Work order: The entries below should be repeated exactly, with no pictures carried over.

Data section:
= = =
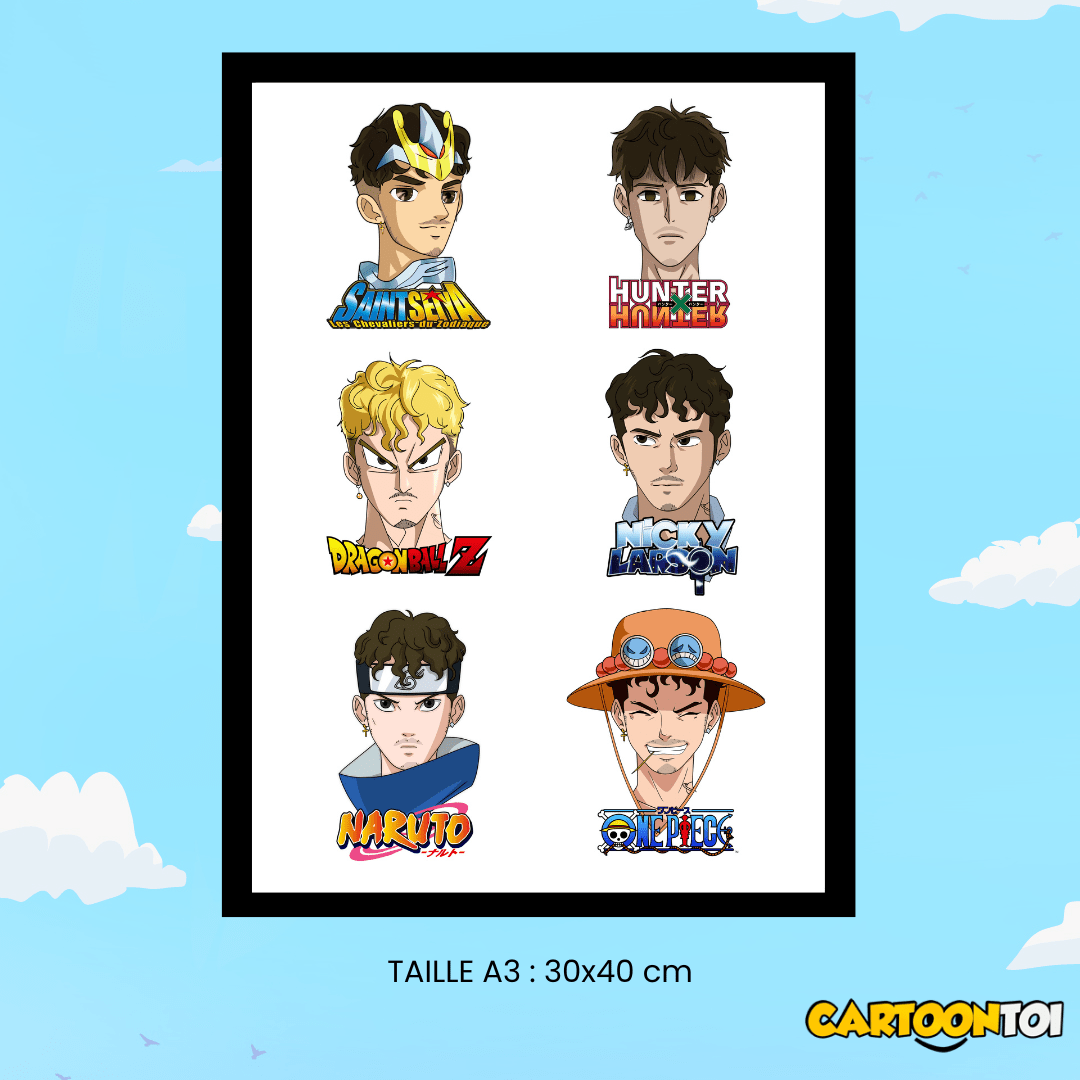 poster manga style personnalisé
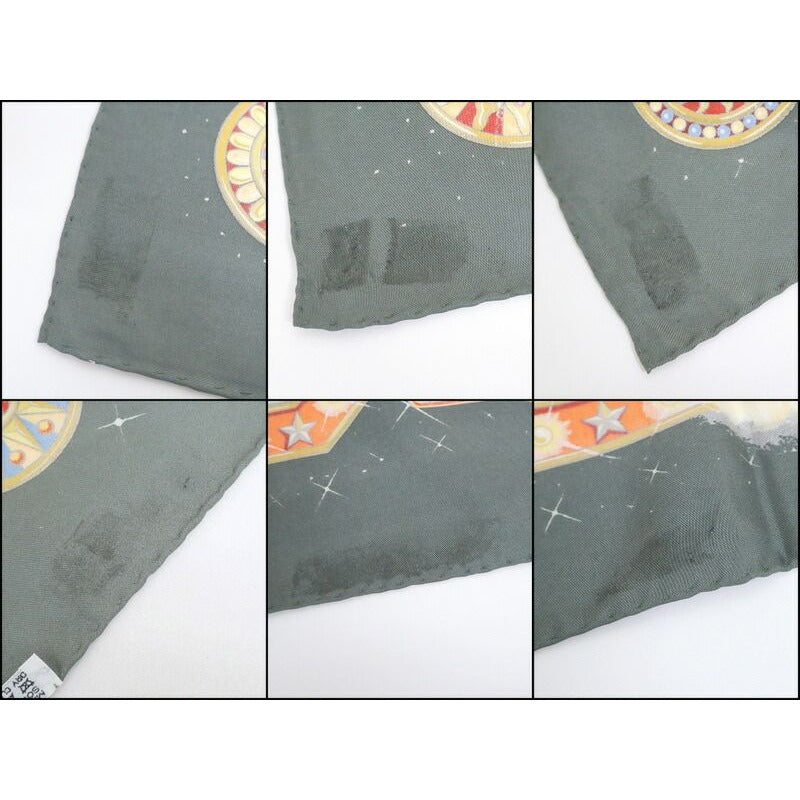 Hermes Carre 90 Magic la Magie Gray Orange Silk Scarf — view 5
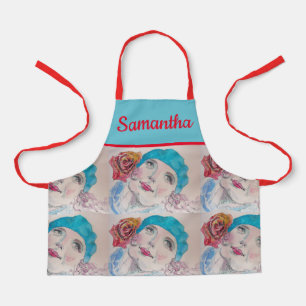 Girl With Red Rose Watercolor Beret Teal Red kids Apron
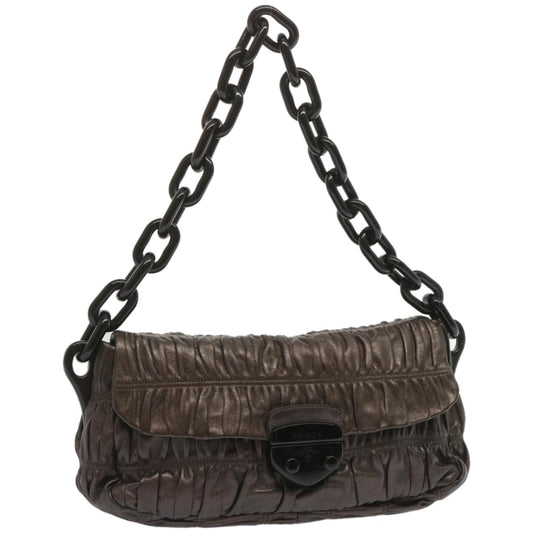 PRADA Chain Shoulder Bag Leather Gunmetal  hk1132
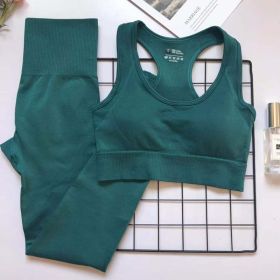 Womens High Waist Fitness Pants Suit For Abdomen And Buttocks (Option: Dark green suit-M)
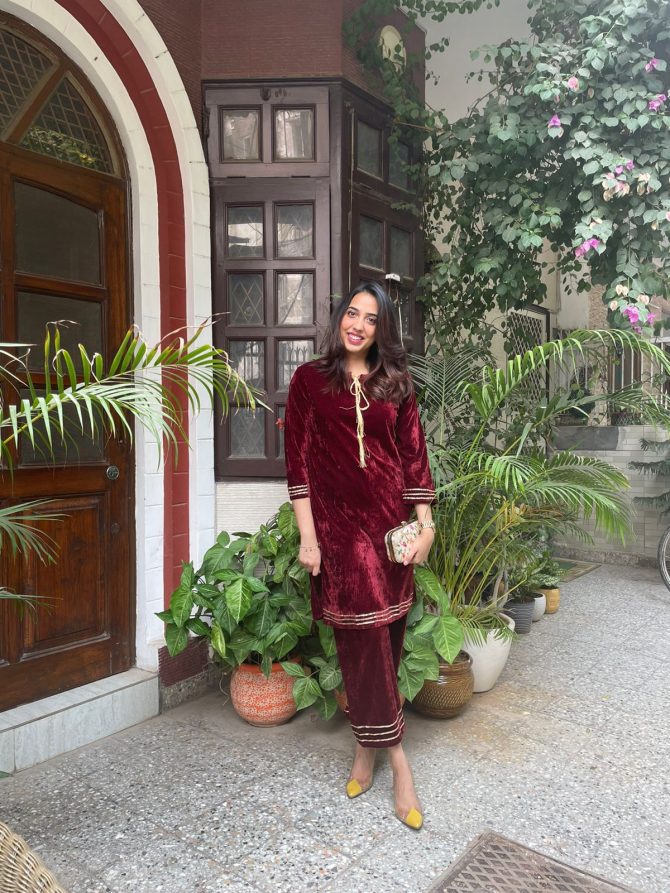 Maharani Velvet Set-Wine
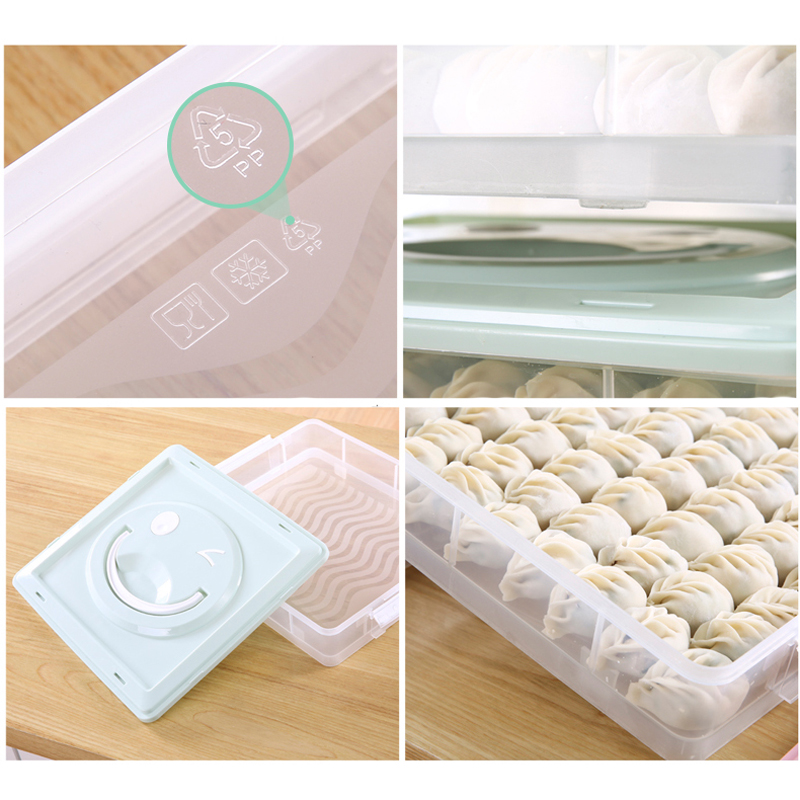 Husholdningskøleskab flerlags plastik madkasse dumplings boller frossen opbevaringsboks  mx6211459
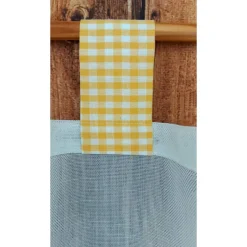curtains & co Scheibengardine Fensterbehang Kurzgardine Bistro Scheibenhänger mit Schlaufen - gelb/weiss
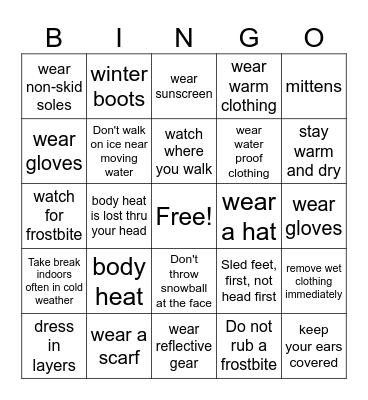 Stay safe in warm weather BINGO Card
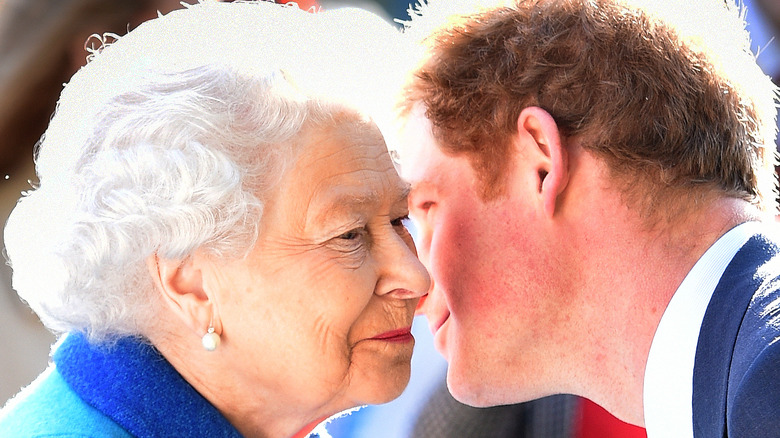 Queen Elizabeth and Prince Harry sharing a private moment 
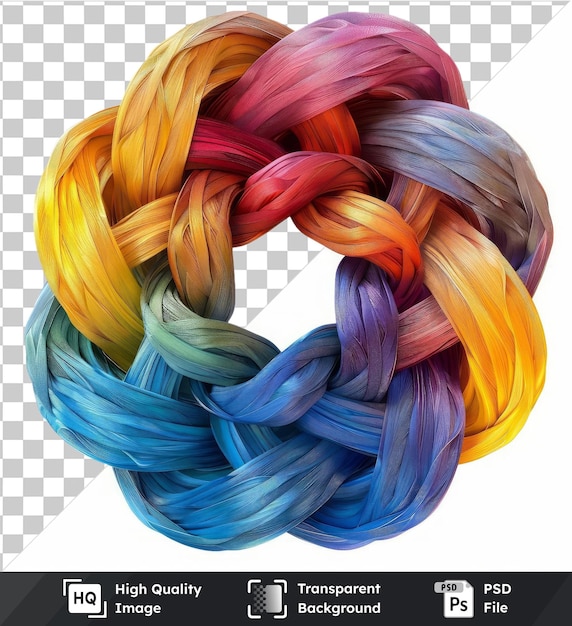 PSD imagen psd transparente abstracto de color tejer símbolo vectorial entrelazar hilo de color arco iris en un fondo aislado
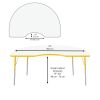 48" x 72" Kidney Dry-Erase Activity Table with Adjustable Standard Swivel Glide Legs - Whiteboard/Yellow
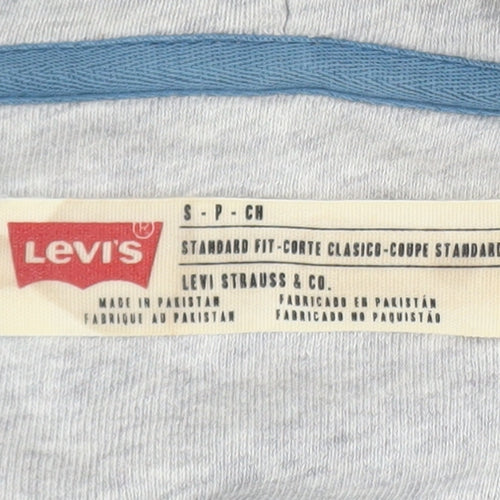 Levi's Men's Grey Pullover Hoodie S Classic Fit Logo Sweatshirt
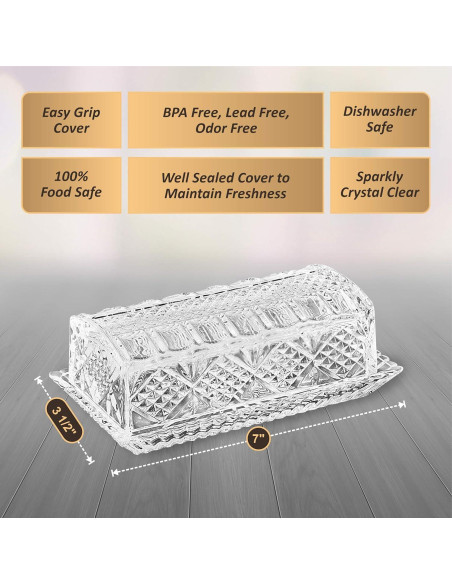 Plato de Mantequilla de Cristal Bezrat con Tapa 17.78x9.53cm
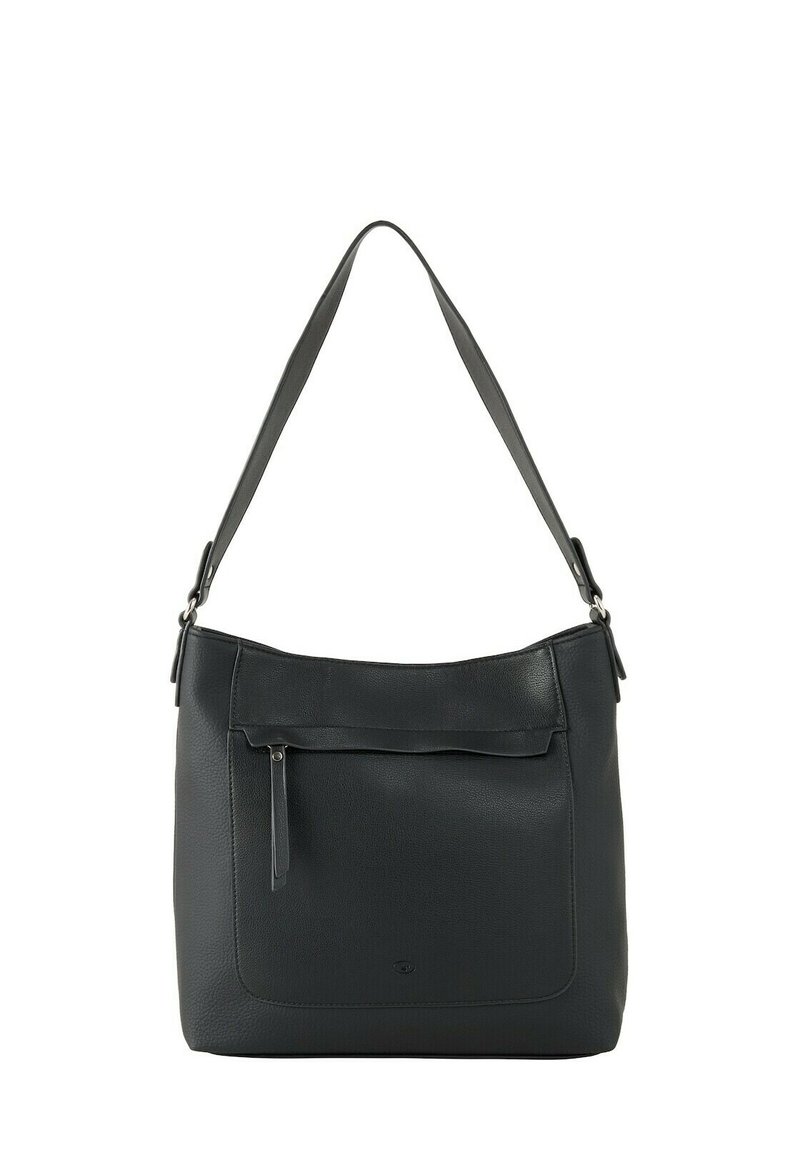Borsa a spalla in pelle nera con un'unica tracolla larga, superficie texturizzata, tasca frontale con zip e design minimalista.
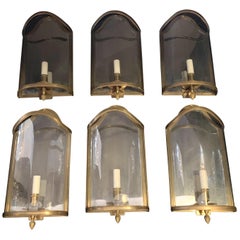 Mirrorback Sconces with Crystal Bobeches and Prisms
= = =
Solved exercise:
 poster manga style personnalisé
 Hermes Carre 90 Magic la Magie Gray Orange Silk Scarf — view 5
 Girl With Red Rose Watercolor Beret Teal Red kids Apron
 PRADA Chain Shoulder Bag Leather Gunmetal  hk1132
 Womens High Waist Fitness Pants Suit For Abdomen And Buttocks (Option: Dark green suit-M)
 Maharani Velvet Set-Wine
 Husholdningskøleskab flerlags plastik madkasse dumplings boller frossen opbevaringsboks  mx6211459
curtains & co Scheibengardine Fensterbehang Kurzgardine Bistro Scheibenhänger mit Schlaufen - gelb/weiss
 Stay safe in warm weather BINGO Card
 Queen Elizabeth and Prince Harry sharing a private moment 
 PSD imagen psd transparente abstracto de color tejer símbolo vectorial entrelazar hilo de color arco iris en un fondo aislado
 48" x 72" Kidney Dry-Erase Activity Table with Adjustable Standard Swivel Glide Legs - Whiteboard/Yellow
 Levi's Men's Grey Pullover Hoodie S Classic Fit Logo Sweatshirt
 Plato de Mantequilla de Cristal Bezrat con Tapa 17.78x9.53cm
Borsa a spalla in pelle nera con un'unica tracolla larga, superficie texturizzata, tasca frontale con zip e design minimalista.
 Mirrorback Sconces with Crystal Bobeches and Prisms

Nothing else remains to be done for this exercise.